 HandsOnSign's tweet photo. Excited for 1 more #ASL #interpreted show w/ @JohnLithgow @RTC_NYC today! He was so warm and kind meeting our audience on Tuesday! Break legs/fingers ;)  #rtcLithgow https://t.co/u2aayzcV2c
==
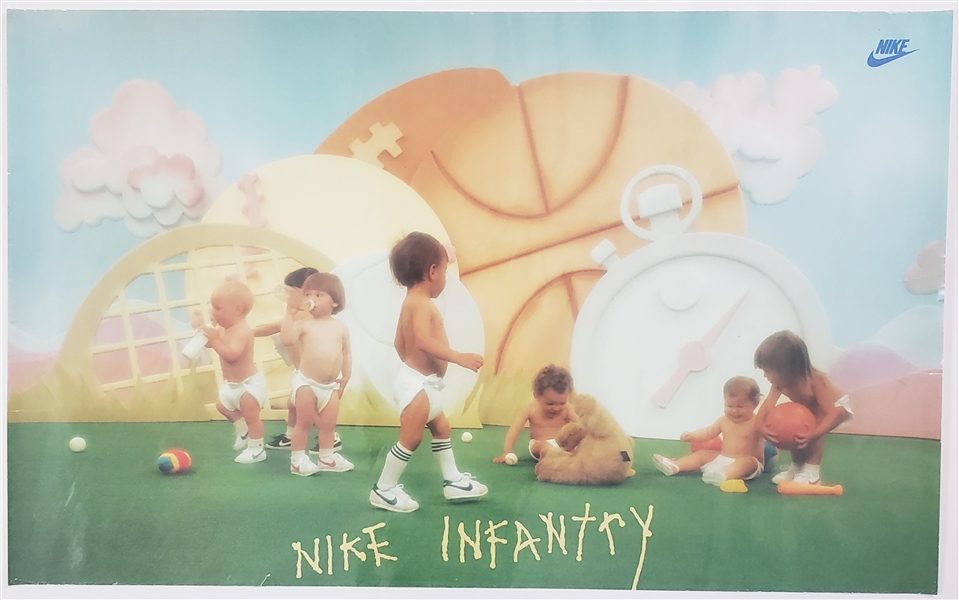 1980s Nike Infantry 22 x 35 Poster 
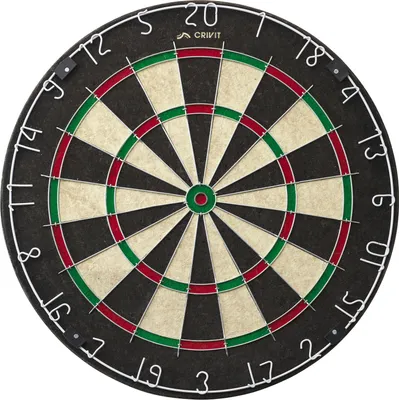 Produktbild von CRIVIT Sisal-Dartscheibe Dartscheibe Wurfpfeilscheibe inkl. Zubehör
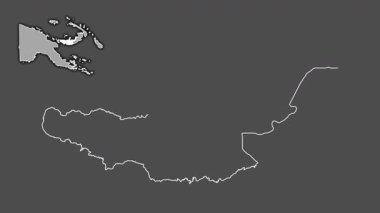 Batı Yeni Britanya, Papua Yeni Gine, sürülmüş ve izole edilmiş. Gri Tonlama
==
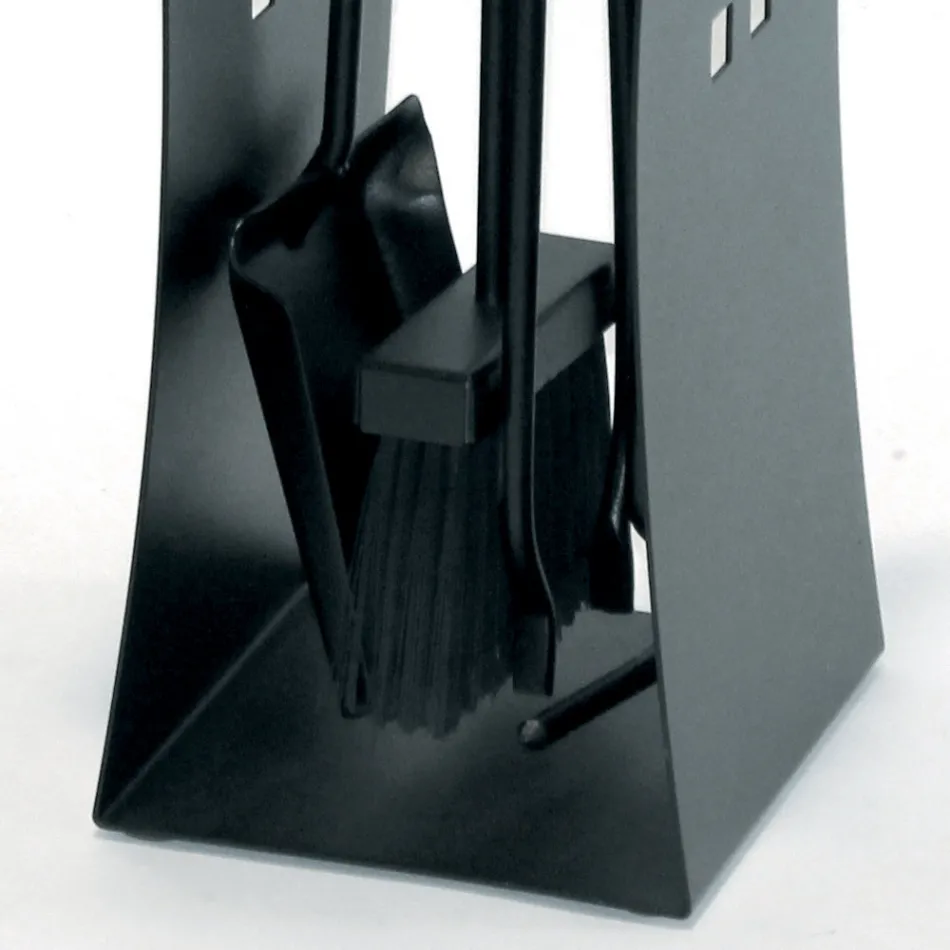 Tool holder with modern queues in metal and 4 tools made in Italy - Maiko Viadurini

**Your task**
Excluding any pictures, print exactly the lines of the listing above from the line with "1980s Nike Infantry 22 x 35 Poster" to the line with "Batı Yeni Britanya, Papua", both ends included.

**Solution**
 1980s Nike Infantry 22 x 35 Poster 
 Produktbild von CRIVIT Sisal-Dartscheibe Dartscheibe Wurfpfeilscheibe inkl. Zubehör
 Batı Yeni Britanya, Papua Yeni Gine, sürülmüş ve izole edilmiş. Gri Tonlama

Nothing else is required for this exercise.